Исключительность издания состоит в том, что THESIS — журнал с совершенно особым составом редколлегии, и уникальной системой распределения печатных площадей.

Журнальное пространство — поле, конфигурация которого во многом зависит от того, каков состав редколлегии журнала, кто является его главным редактором, ибо именно эти люди в конечном итоге определяют структуру журнала, наполнение разделов, состав авторов и проблематику. Поэтому понять, кем были люди, определявшие политику научного издания принципиально важно для моего исследования.

Редакционный совет журнала THESIS был принципиально разнообразен и интернационален. Он делился на три группы, соответственно трем наукам, которым в данном издании уделялось основное внимание: социология, история и экономика.

В экономический отдел редакционного совета входили [238]:

— Марк Блауг, Университет Эксетера, Великобритания.

— Кеннет Э. Боулдинг, Университет Колорадо, Боулдер, США.

— Герберт Гирш, Кильский Институт Мировой Экономики, Германия.

— Джон Кеннет Гэлбрейт, Гарвардский университет, США.

— Янош Корнаи, Гарвардский Университет, США; Венгерская Академия наук.

— Герберт А. Саймон, Университет Карнеги-Меллона, Питтсбург, США.

— Пол А. Самуэльсон, Массачусетский Технологический Институт, США.

— Амартия Сен, Гарвардский Университет, США.

— Стенли Фишер, Массачусетский Технологический Институт, США.

— Роберт Л. Хайлбронер, Новая школа социальных исследований, Нью-Йорк, США.

— Альфред Шюллер, Марбургский Университет, Германия.

— Револьд М. Энтов, Институт мировой экономик и международных отношений РАН, Россия.

— Кеннет Дж.

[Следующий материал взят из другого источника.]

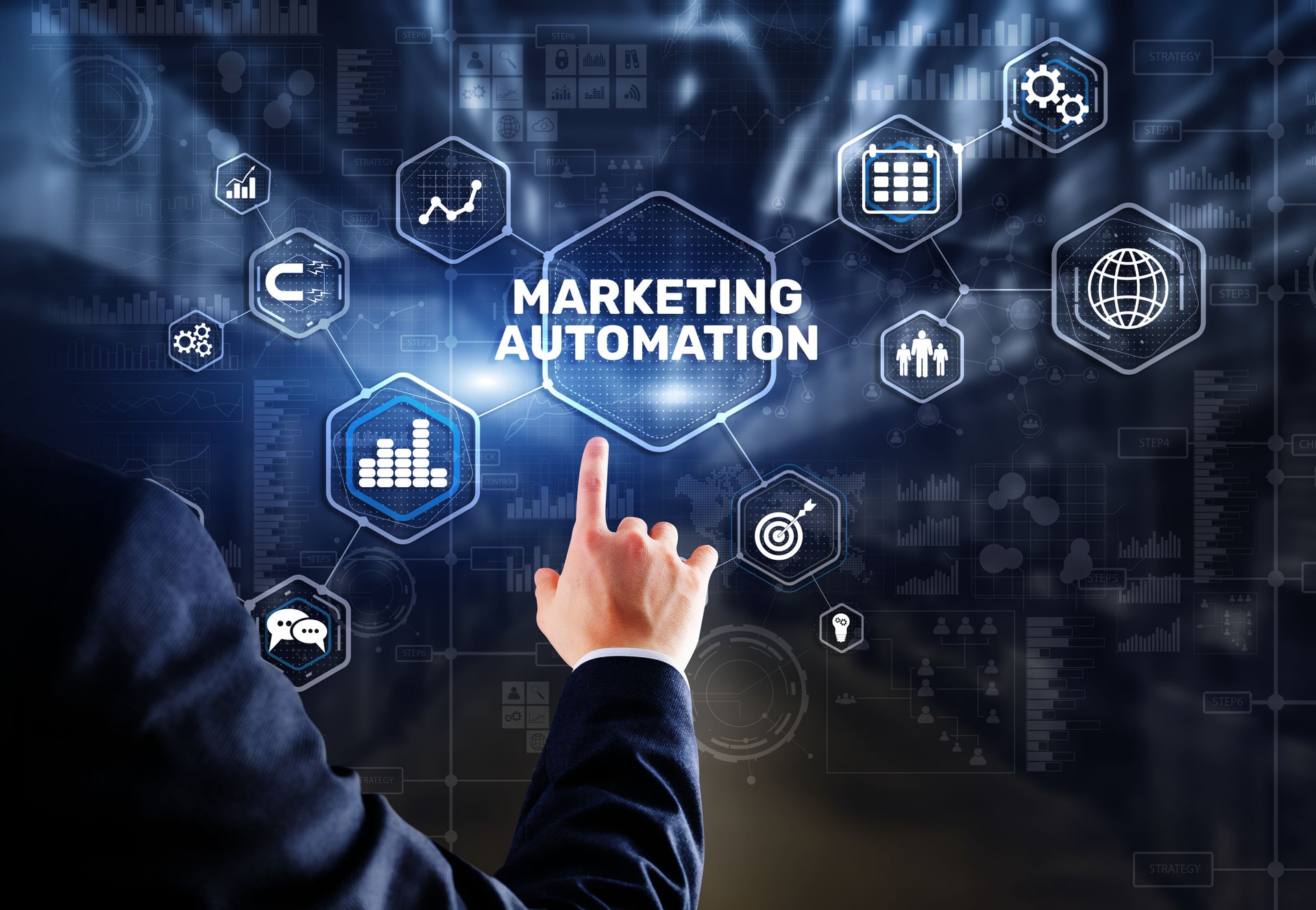 Marketing automation concept. Business Technology Internet and network.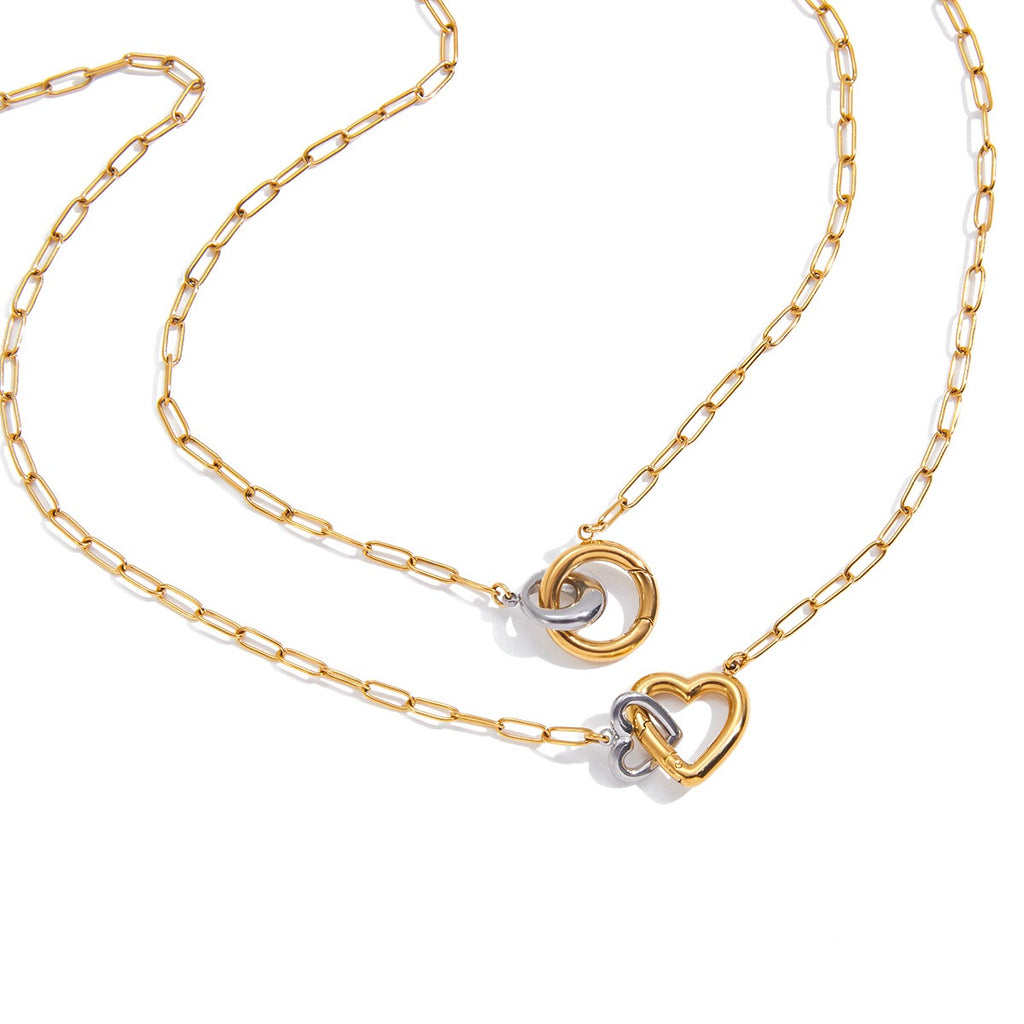 18K Gold and Silver Two Tone Linked Heart Charm Necklace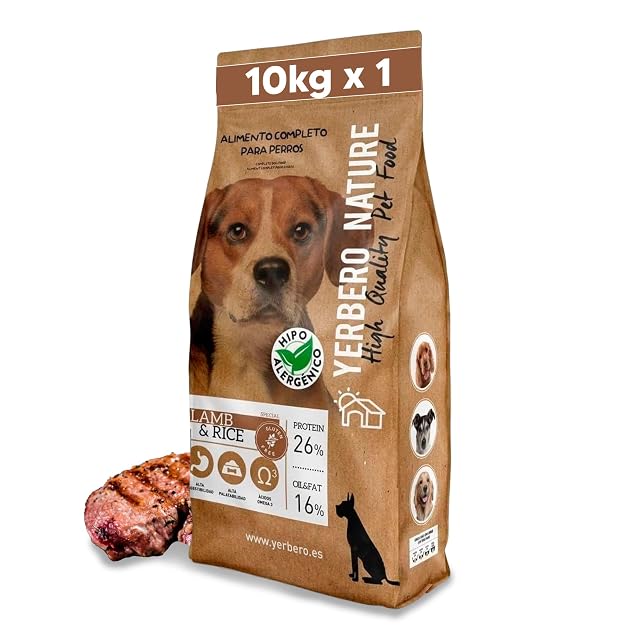 Yerbero Nature Lamb & Rice Pienso sin Gluten para Perros, Cordero, Alimento Hipoalergénico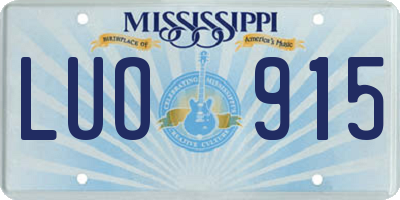 MS license plate LUO915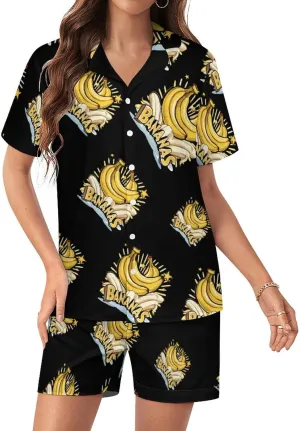 Funny Bananas Women's Satin Pajama Set Short Sleeve Button Down Sleepwear Loungewear Pj Set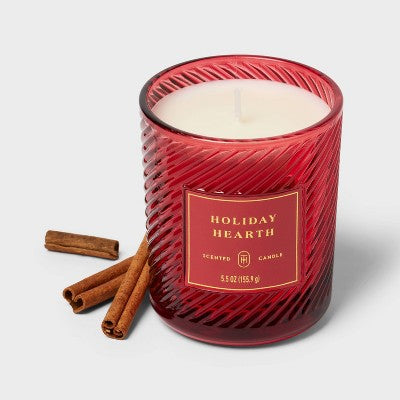 Swirled Glass Holiday Hearth Jar Candle Red 5.5oz - Threshold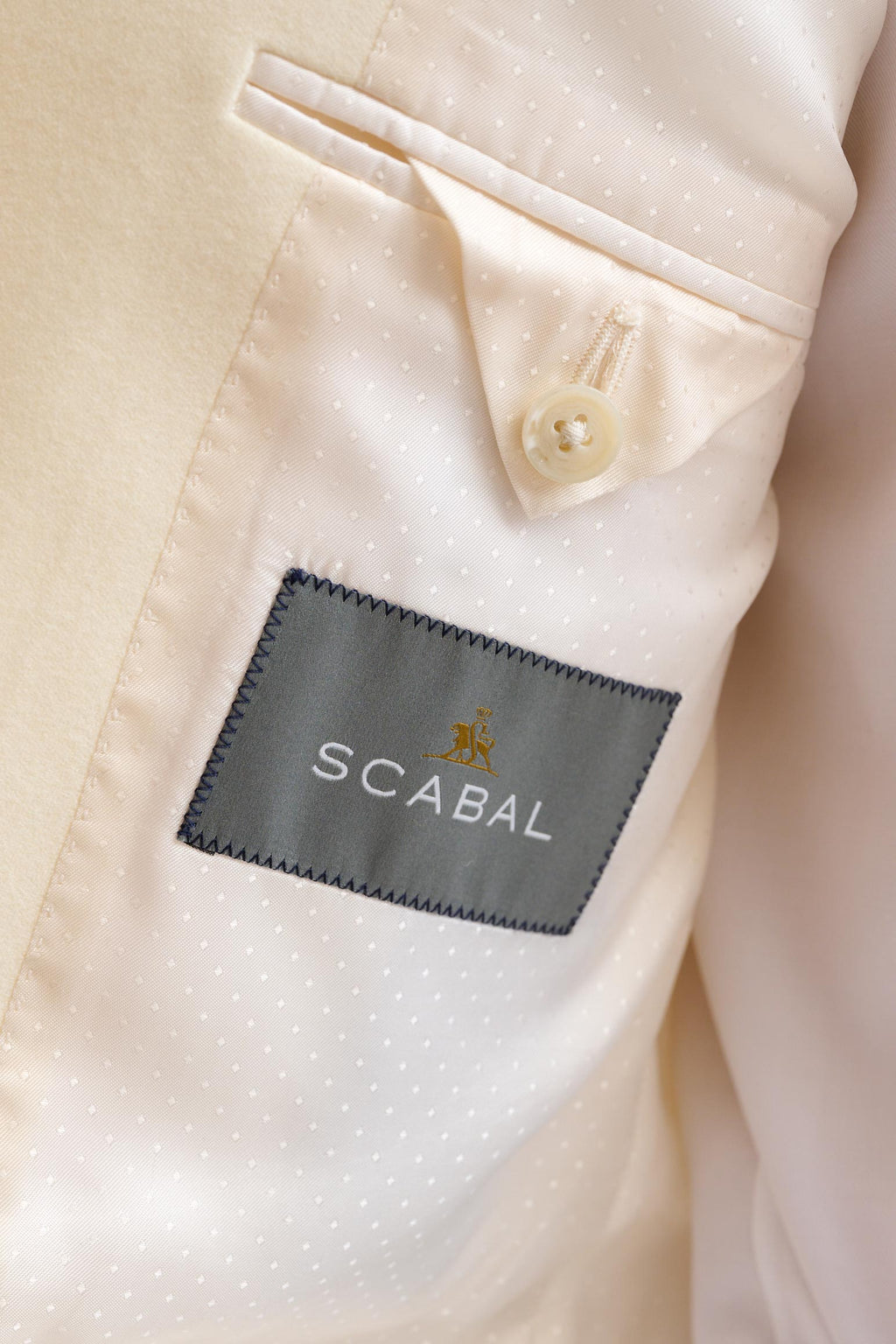 Light Beige Wool Kenton Tuxedo Flannel & Saxony — detail 6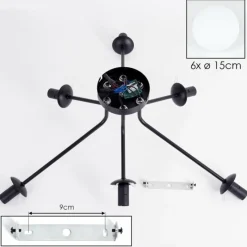 hofstein Gastor Plafonnier, Boule lumineuse Blanc, 6 lumières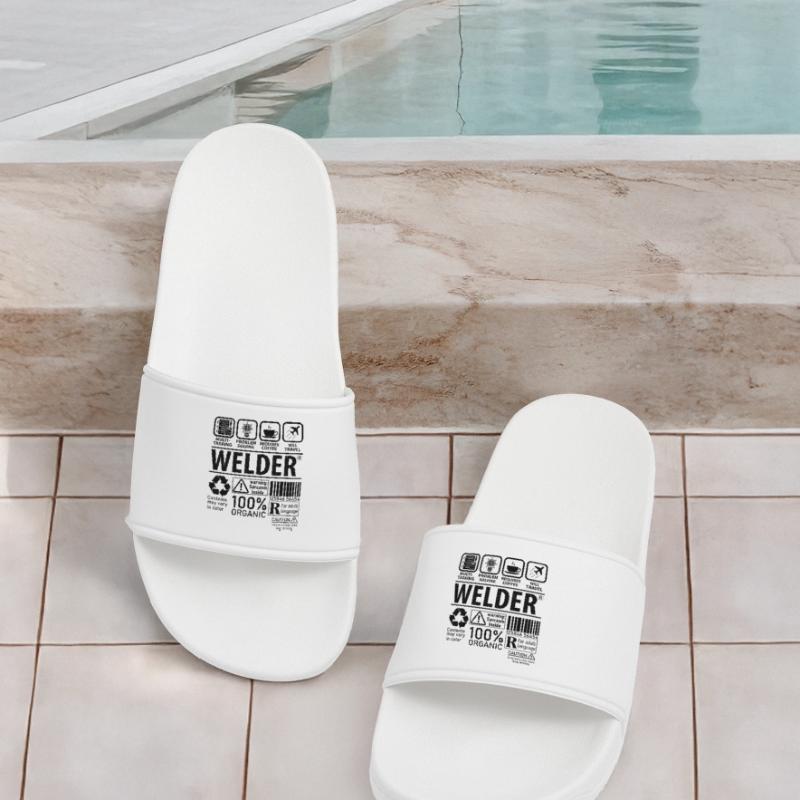 Welder multi tasking problem solving requires Frauen Badelatschen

Эрроу, Стэнфордский Университет, США.

Список членов совета — экономистов позволяет выделить несколько тенденций:

1) Абсолютное большинство приглашенных в состав редакционного совета, были иностранцами, причем почти все они представляли англо-саксонский мир, а именно США. Единственным ученым в составе редсовета из России был Револьд Энтов. Единственными не американцами, помимо него, были два исследователя из Германии и один из Великобритании.

2) Ориентация на крупнейшие центры мировой науки: в редколлегии представлены специалисты из ведущих университетов США — Гарвардского, Стэндфордского, Массачусетского технологического Института (MIT) и т. д.

3) Ориентация исключительно на ученых с известными именами: например Пол Самуэльсон — лауреат Нобелевской премии по экономике. Впоследствии многие ученые из данного списка также получили данную награду.

Все названные тенденции подтверждаются внутрижурнальной практикой: всего за 1993–1994 годы было опубликовано 29 статей на экономическую тематику, если принять одну статью равной единице, то окажется, что авторами приблизительно 65,5% из них были исследователи из США, в то время как исследователям из Франции принадлежит всего 13,8% опубликованных статей. Такой состав редколлегии и логика выбора переводных статей свидетельствует о том, что в сфере экономической науки предполагалось ориентироваться, прежде всего, на американскую науку.

Социологическую науку репрезентировали такие ученые, как:

— Шмуэль Н. Айзенштадт, Иудейский университет Иерусалима, Израиль.

— Раймон Будон, Университет Париж I, Франция.

— Энтони Гидденс, Кембриджский университет, Великобритания.

— Ральф Дарендорф, Колледж Св. Антония, Оксфорд, Великобритания.

— Мишель Крозье, Центр социологии организаций, Париж, Франция.

— Юрий А. Левада, Всероссийский центр изучения общественного мнения, Россия.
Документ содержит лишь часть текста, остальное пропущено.